I just returned from the beach club, where I had “a picnic” with my grandparents and their friends. We sat ten at a long table, with a white tablecloth, place settings, candles, and a flower centerpiece. I guess it is a picnic because we were outside? (Though we were in a gazebo, with a roof.)
My favorite of my grandparents friends, sensing my slight discomfort with the situation, told me a story about a tennis player who was transgendered, and around the age of 40 had a sex change operation (male to female). The people at my grandparents’ beach club (which is very old and exclusive and takes 8-10 years to get into) thought that this tennis player had changed her sex because she wanted to be able to keep playing tennis at a high level, which she could do as a woman but not as a man.
I have no words to respond to a story like that. Who are these people, and what are they thinking? Are they thinking at all?

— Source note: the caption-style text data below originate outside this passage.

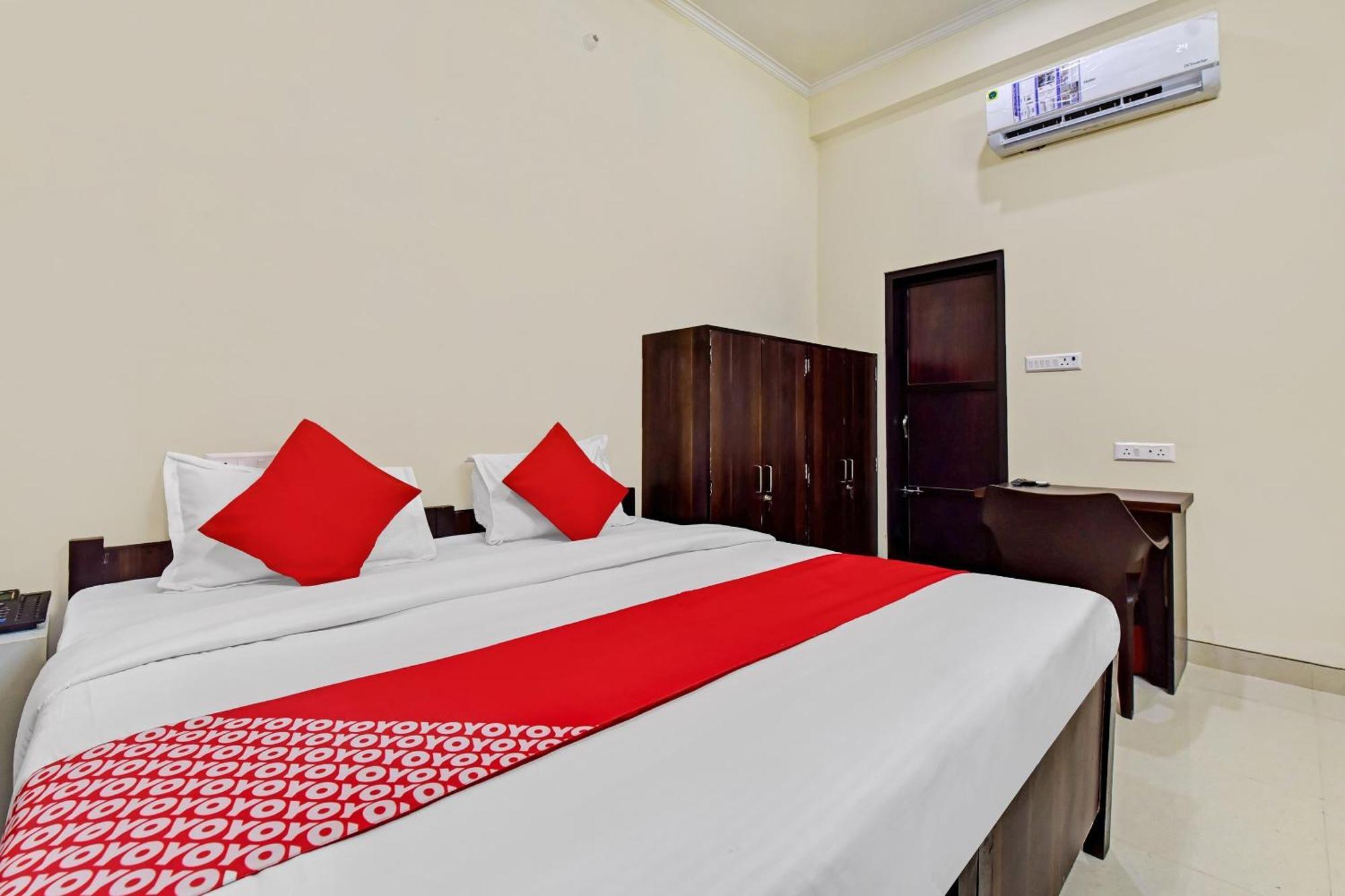 Hotel O Arn Plaza Jaipur Exterior photo
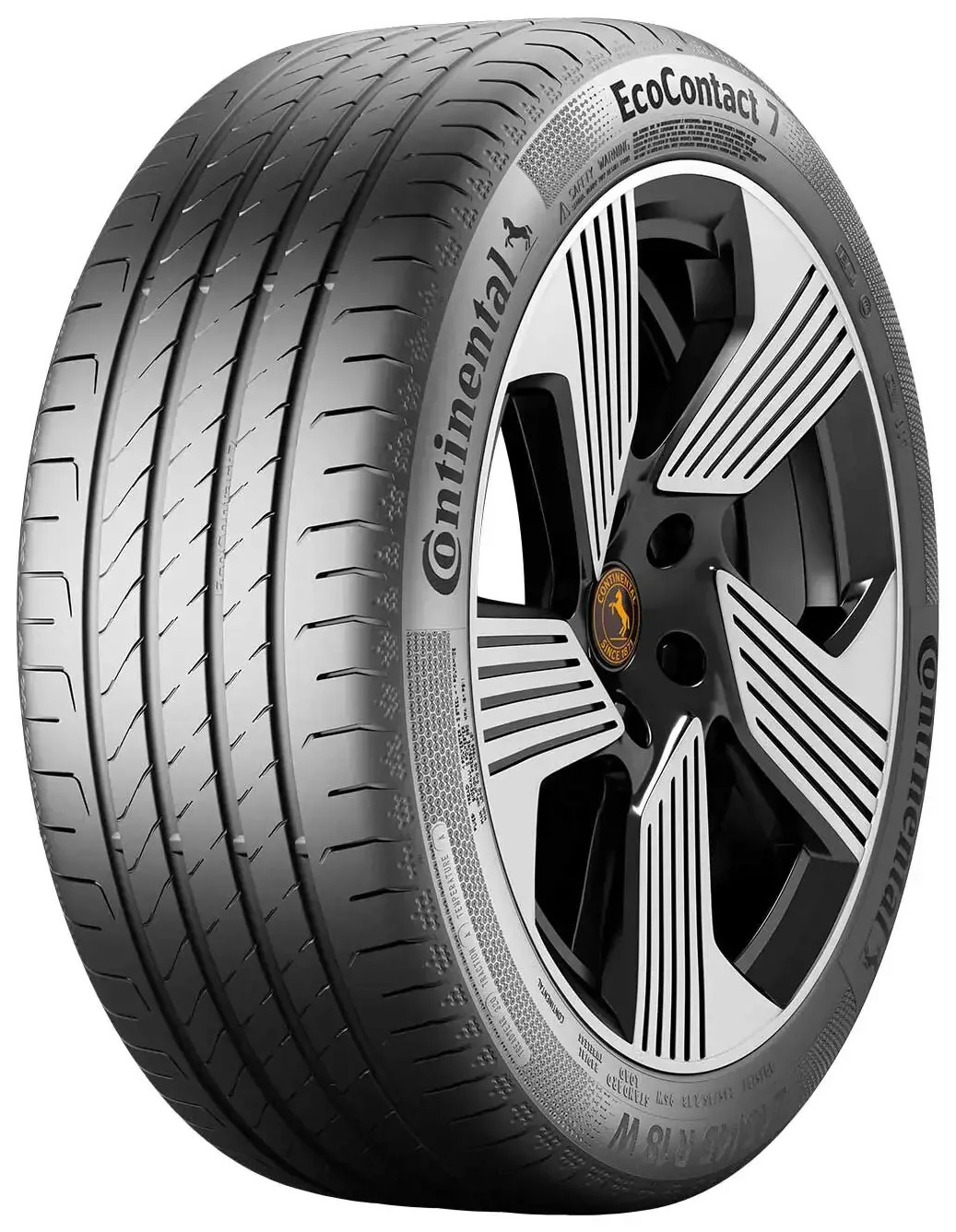 265/45R21 Continental EcoContact 7 108T XL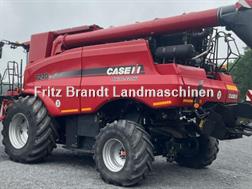 Case IH Axial flow 7240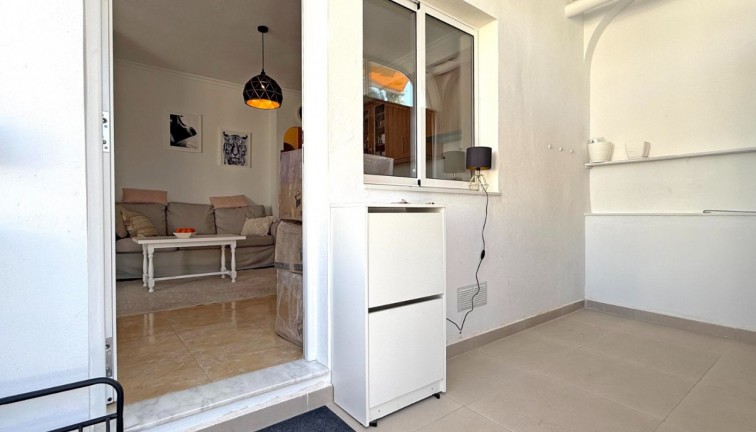 Reventa - Bungalow - Torrevieja - LA MATA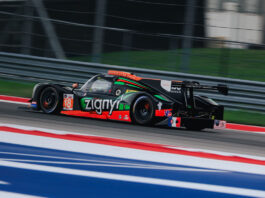 Forbush Performance’s veteran/rookie lineup ready for IMSA Endurance Cup weekend at Road America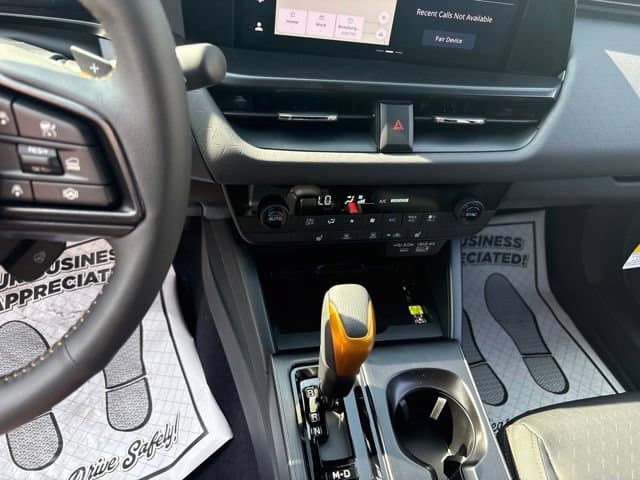 New 2026 Subaru Outback Wilderness - photo - 13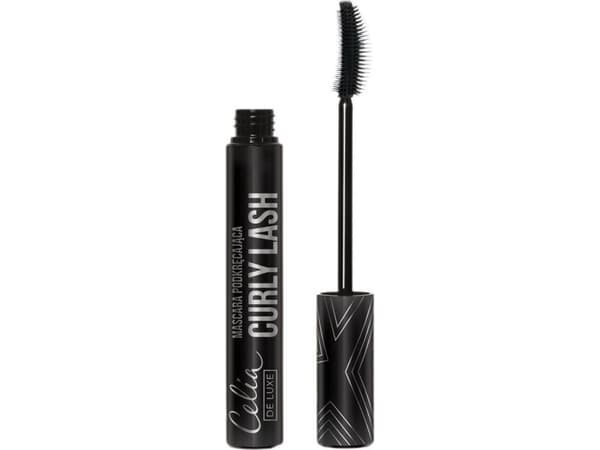 CELIA CURLY LASH Mascara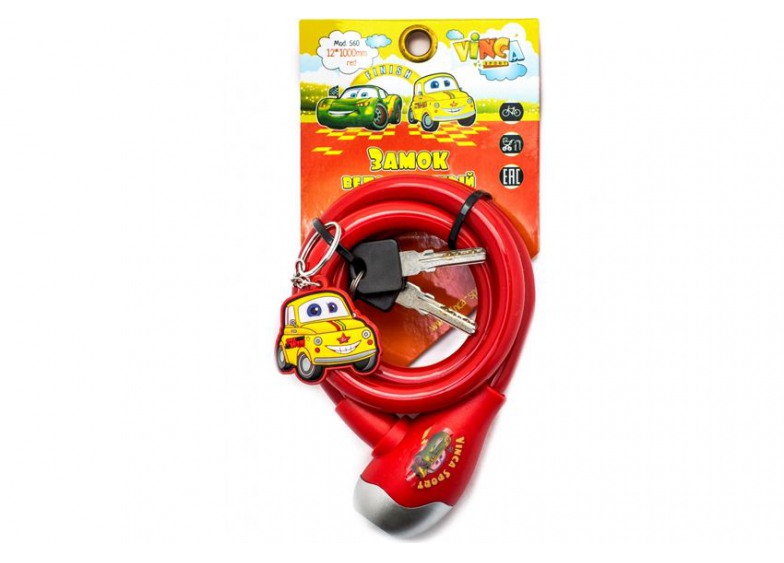 Купить Vinca Sport 560 red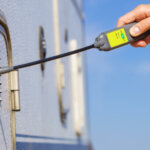 Why Does My RV Battery Smell Like Rotten Eggs?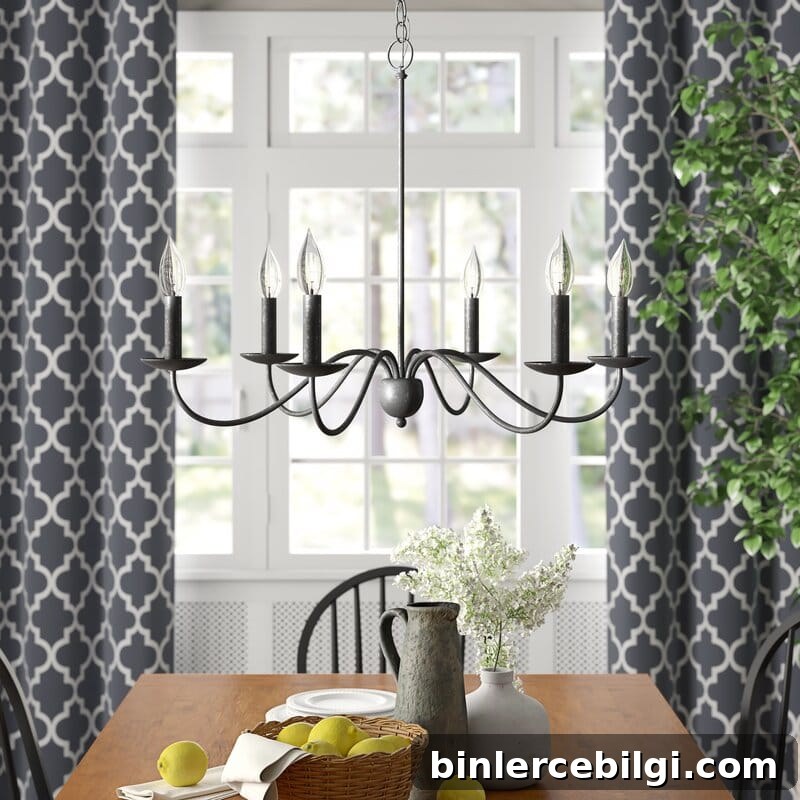Perseus 6 - Light Candle Style Classic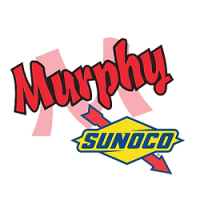 Murphy Sunoco Logo
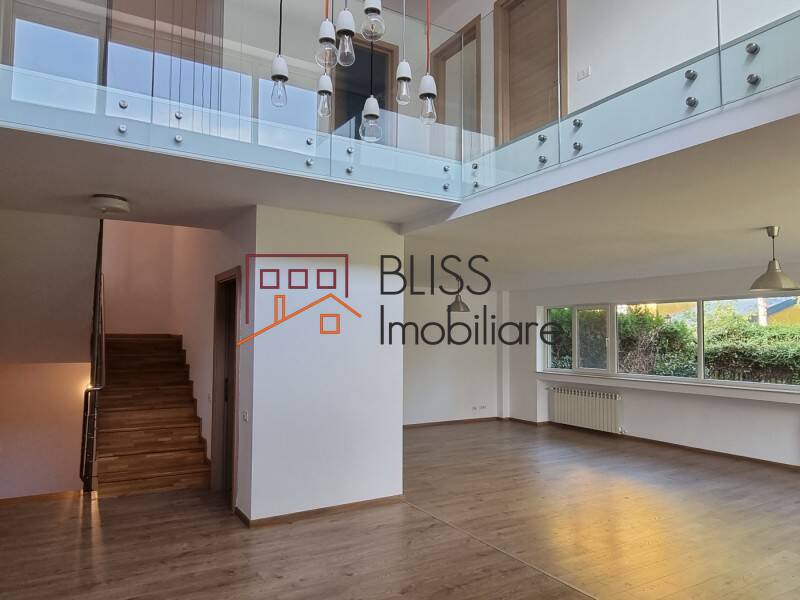 Modern Villa With Swimming Pool Iancu Nicolae, Bucharest / Ilfov | Bliss Imobiliare / Photo 20 - BLISS Imobiliare
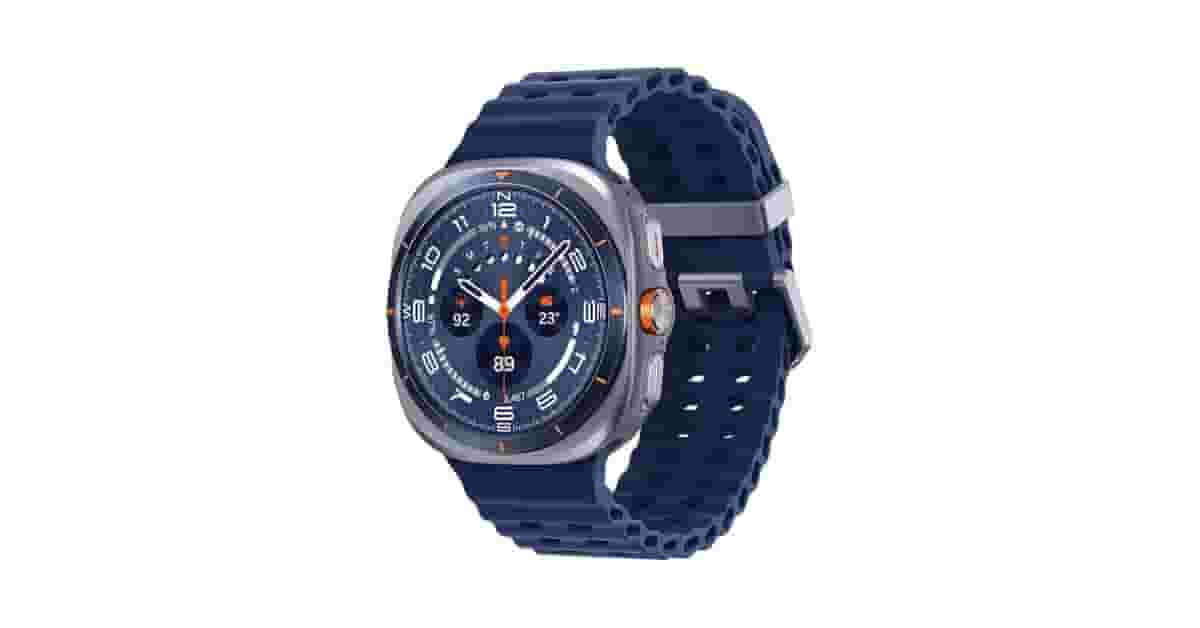 Melhor Galaxy Watch Custo Benefício: Qual Escolher?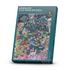 Water & Wines Wein-Puzzle - Deutschland - Bild1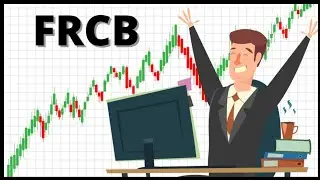 FRCB Stock- First Republic Bank Stock Breaking News Today | FRCB Stock Price Prediction | FRCB Stock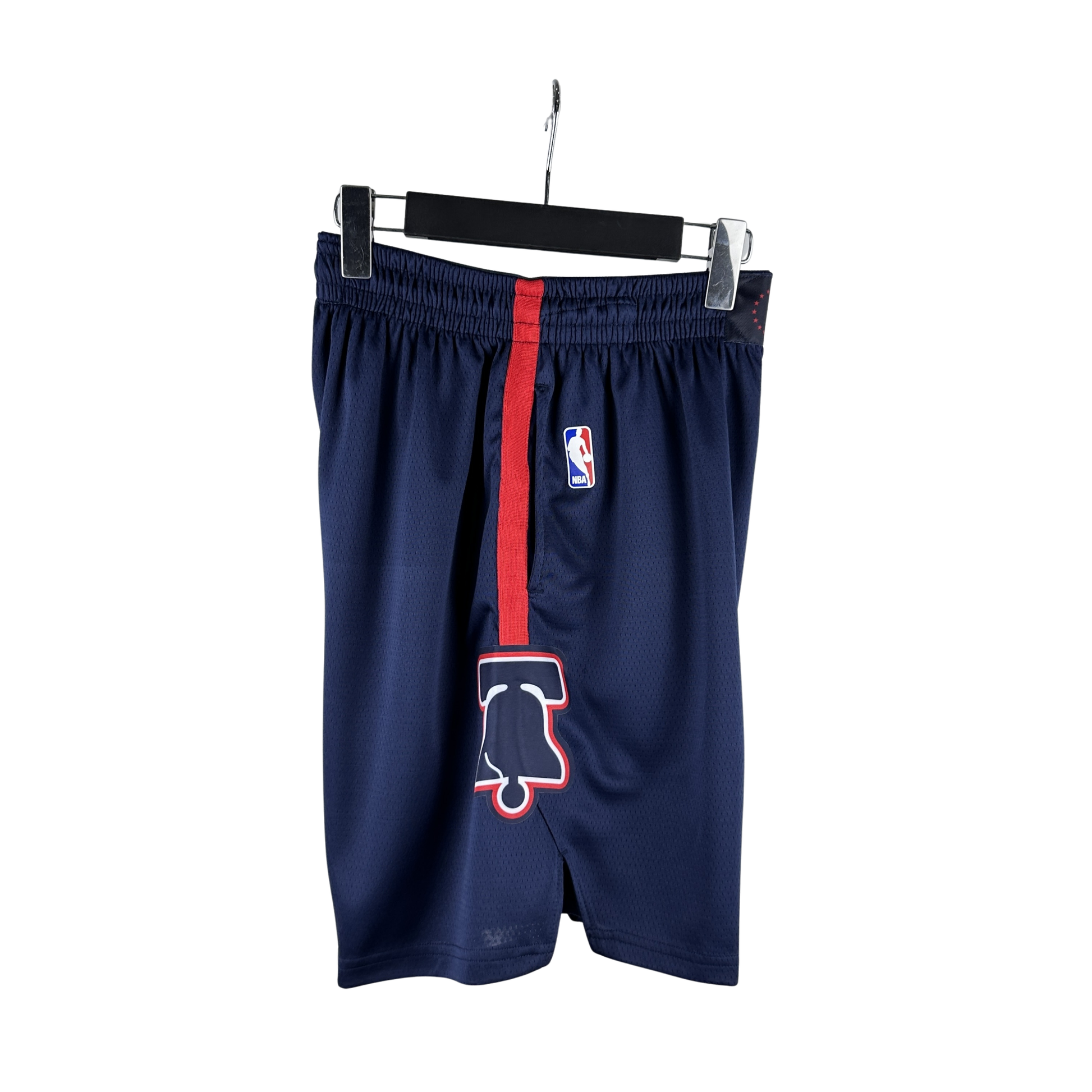Short Nike NBA Philadelphia 76ers - imagem 4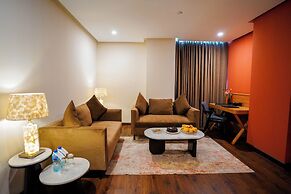 Nine Tree Luxury Hotel & Suites
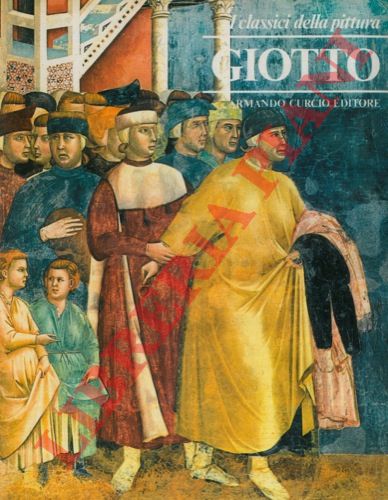 TOSI Barbara - - Giotto.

Later in the evening, which was marked by much political back-and-forth between the Obama fans and the Republicans (started up again anytime someone asked me what I am doing right now), the Olympics came up. Someone said they don’t like watching beach volleyball, and then a woman sitting across the table from me said “They’re like lesbians, all over each other! Ugh!” She gave a delicate shudder. Another woman beside her said, “The paper was full of homosexuals today!” I felt sick, the way I did years ago when I went to a Baptist church and the minister preached tolerance, except for gays and people who had abortions. But I didn’t say anything.
These are my grandparents’ friends, and we were in a public place – a place where probably lots of people hold the same views. It was certainly polite to sit there and stay silent, and several people noted my bitten tongue, which I suppose is a form of protest, to not laugh, to sit and stare in shock and horror. Or maybe it was just the coward’s way. I am so used to being around people who think like me that I don’t know how to talk to people who shudder at the thought of gay people. I don’t know where the line is; what is condoning bigotry by staying silent, and what is just getting along and picking my battles?
It’s all well and good to go to the tennis club, and the beach club, and take a boat ride, and stay out all night with rich pretty young things from elite colleges, drinking and talking and flirting, as long as you remember that’s not all there is. This is a fantasy world, and like any fantasy it has its dark side: prejudice, willful ignorance, high walls that protect it by keeping out people who, unlike me, would have the courage to say something.